To protect and restore the redwoods, first we must connect

Inclusive and equitable parks experiences are key to the well-being of our communities and forests

When I was first introduced to Save the Redwoods mission to protect redwood forests, restore them to grow old again, and connect people with the forests’ peace and beauty, I wondered if these three objectives were completely aligned. From an environmental conservation standpoint, does encouraging public access to redwood ecosystems conflict with the goals of land protection and forest restoration? The images that came to my mind were of tunnels being carved out of giant sequoia trunks to create “drive-through” trees, and hikers going off trail in search of the Grove of Titans and impacting the understory and root systems of coast redwood trees thousands of years old. Does connecting to the redwoods ultimately serve as a benefit or detriment to redwood forests? 

Large coast redwood trees with roots exposed, and a fallen log wedged in a gap in another tree, with the sun shining through the leaves..
The League is working with our partners at California State Parks to improve visitor access to the Grove of Titans, where social trails have impacted the trees’ roots, in Jedediah Smith Redwoods State Park. Photo: Max Forster, @maxforsterphotography

As I have engaged more deeply with the work of Save the Redwoods League, my thinking has shifted to consider how critical our connection to nature is, not only for the forests’ sake, but also for the broader benefit to our planet and society as a whole.

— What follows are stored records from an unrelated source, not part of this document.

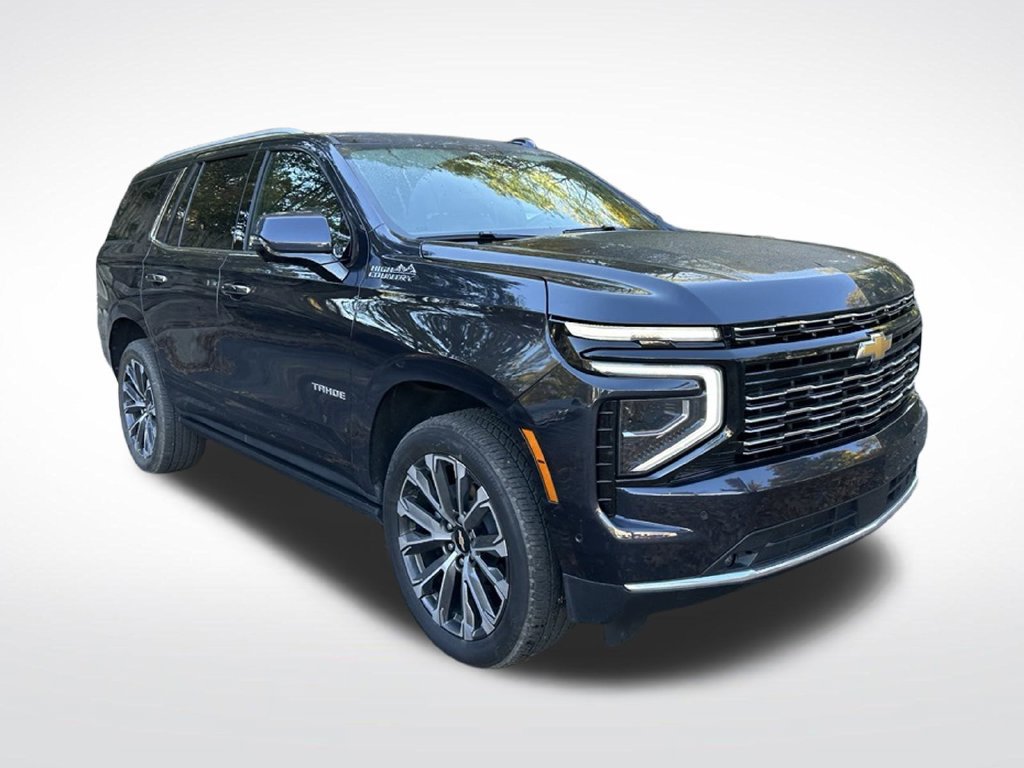 Used 2025 Chevrolet Tahoe High Country AWD/4WD image 8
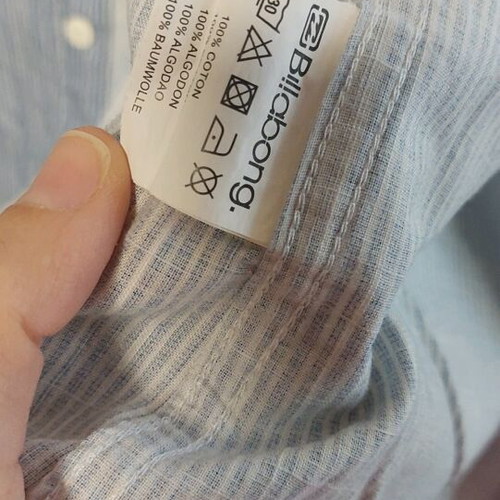 Billabong shirt size S like new, white and blue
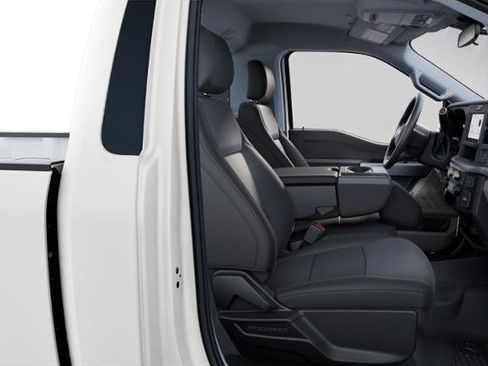 New 2025 Ford F250 XLT image 28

Connecting to the redwoods is fundamental to our efforts to protect and restore them. Having a unique ability to instill wonder and capture our imaginations, the redwoods inspire a sense of stewardship and a shared commitment to preserving our environment for future generations.  

The League’s science-based initiatives and education programs have increased our understanding of carbon-storing potential in the redwood range and highlight forest protection and restoration as global strategies to mitigate climate change. As the League furthers its study of the genetic diversity of redwoods and the environmental conditions the forests need to thrive, it can balance those needs with safe public access opportunities that still minimize human impact and protect sensitive natural resources. 

A woman stands on a paved trail, looking up at the surrounding redwood trees, with the sun's rays shining down.
The redwood forest inspires a sense of wonder. Photo: Daniel Gorostieta

Nature’s Benefits to Well-Being 

Strengthening our connection to the redwoods and to nature more generally has wide-ranging benefits on our personal health and well-being. Studies have demonstrated that people living in areas near more green space experience less mental distress and lower probabilities of obesity, diabetes, cardiovascular disease, and mortality. Exposure to nature contributes not only to improved cognitive function and psychological well-being, but also to a sense of meaning and purpose in life.  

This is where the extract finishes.